An unfortunate legacy of former military activities at sites designated for base realignment and closure and at Formerly Used Defense Sites is the contamination of aquatic environments with military munitions. In the United States, more than 400 underwater sites, spanning an area in excess of 10 million acres, potentially contain such munitions. The presence of these munitions is a serious threat to both humans and the environment, so remediation is necessary. But the return of these contaminated waters to public use is contingent upon the analysis and assessment of wide-area and detailed underwater surveys. Therefore, the Department of Defense has an express need for the development of technologies that will enable the detection and classification, at high probability, of military munitions found at underwater sites.

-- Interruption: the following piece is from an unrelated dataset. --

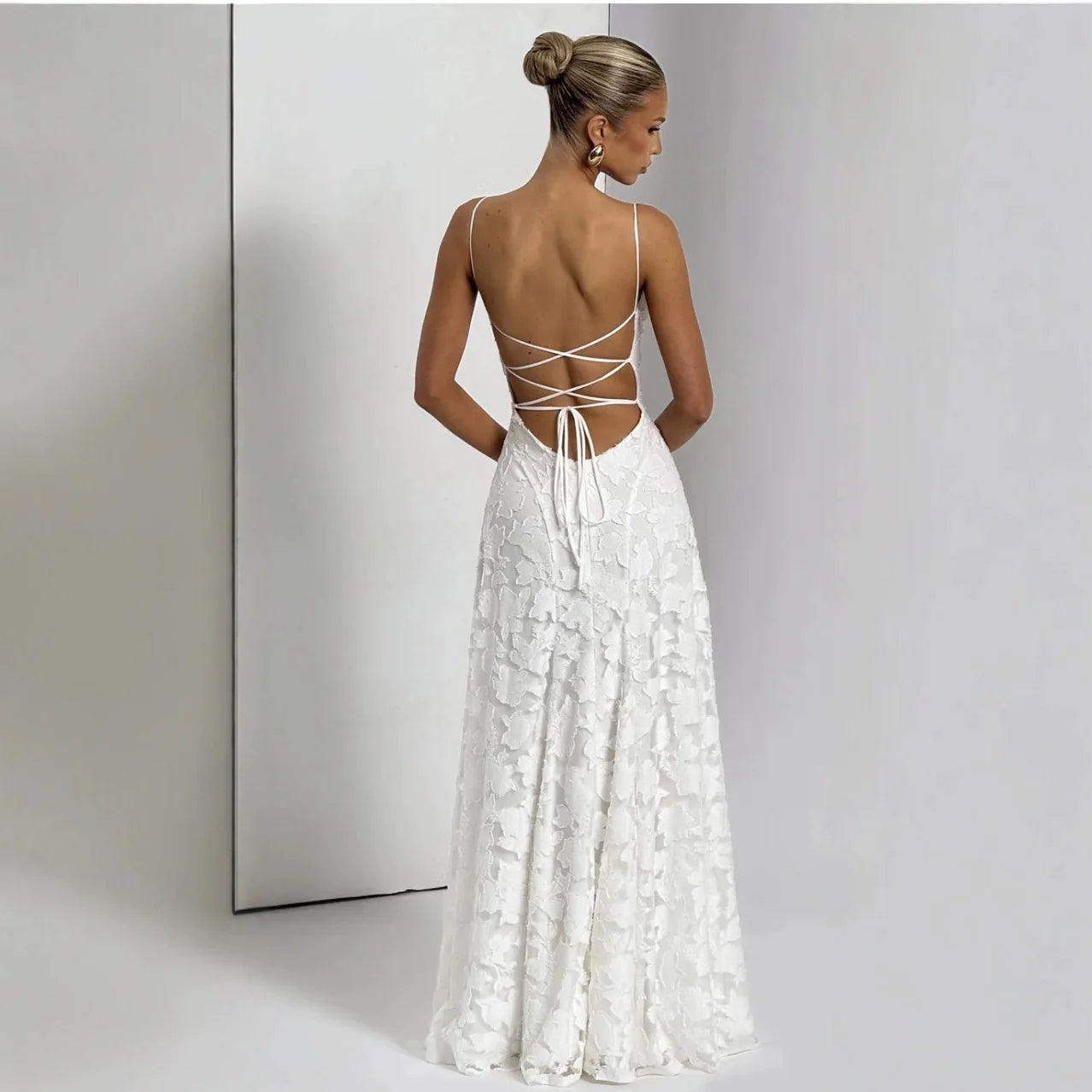 Robe élégante longue à bretelles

The primary objective of this project was to develop novel unexploded ordnance (UXO) detection and classification algorithms specifically for volumetric sonar data from two experimental systems, the Sediment Volume Search Sonar (SVSS) and the Multi-Sensor Towbody (MuST). Because no automatic target recognition algorithms previously existed for these two new systems, the methods developed here addressed a capability gap. The general-purpose detection algorithm that was created exploited the concept of integral images to flag suspicious regions in a given data volume in a fast, computationally efficient manner. The follow-on classification algorithm leveraged a flexible deep-learning framework developed during a previous Phase I SEED project. That framework, based on deep convolutional neural networks, was then extended in the present effort to function with three-dimensional (i.e., volumetric) input data cubes. The developed algorithms were assessed using large sets of SVSS data, and they were also applied to modest amounts of data from the MuST system.

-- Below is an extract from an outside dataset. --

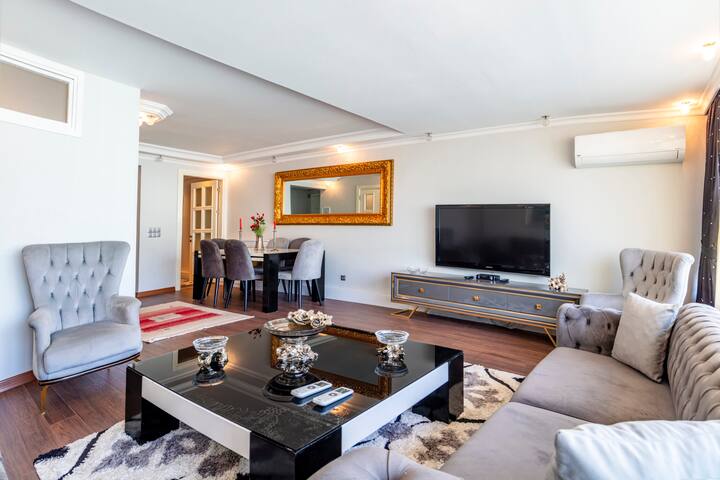 Nişantaşı Main Street 3+1 Luxury Modern 2 bathroom gallery image 2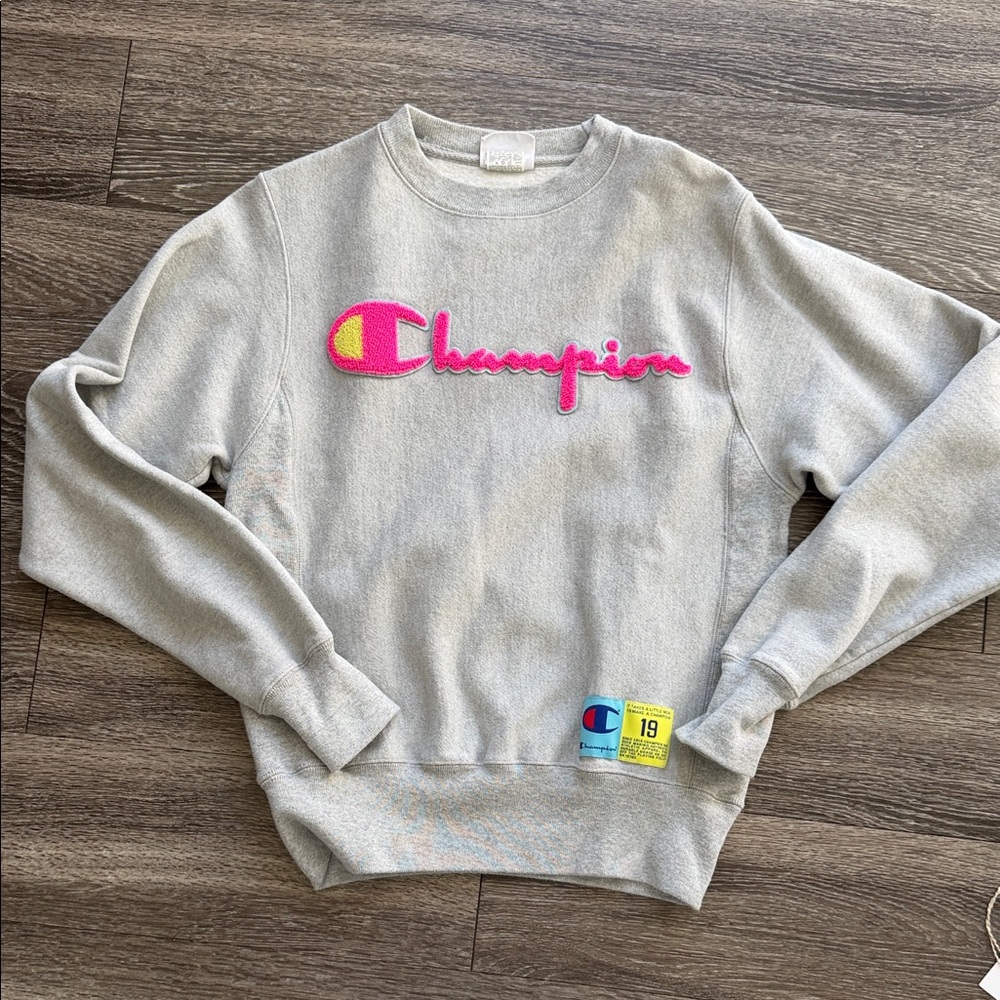 Champion Women's Heather Gray Sweater with Pink Logo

Preliminary results showed the promise of the approaches for detecting and classifying both proud and buried targets in measured volumetric sonar data. This project covered one-year but had been envisioned as a four-year project until it ended prematurely (due to an organization change of the Principal Investigator). Nevertheless, the progress made during this abbreviated period provides a solid foundation from which to further this line of research. Because the algorithms were purposely developed to be functional with measured data from existing systems, they should be readily deployable in a short time frame for use in actual remediation efforts. This result can be achieved by executing the remainder of the original project plan, which includes rigorous testing at new SERDP UXO test-bed sites.

The successful culmination of the project’s approach should enable the attainment of higher probabilities of detection and classification, at much lower false alarm rates, than is possible with existing approaches. As a result, the application of these machine-learning algorithms to sonar data collected at potentially contaminated underwater sites can guide remediation efforts to effect savings.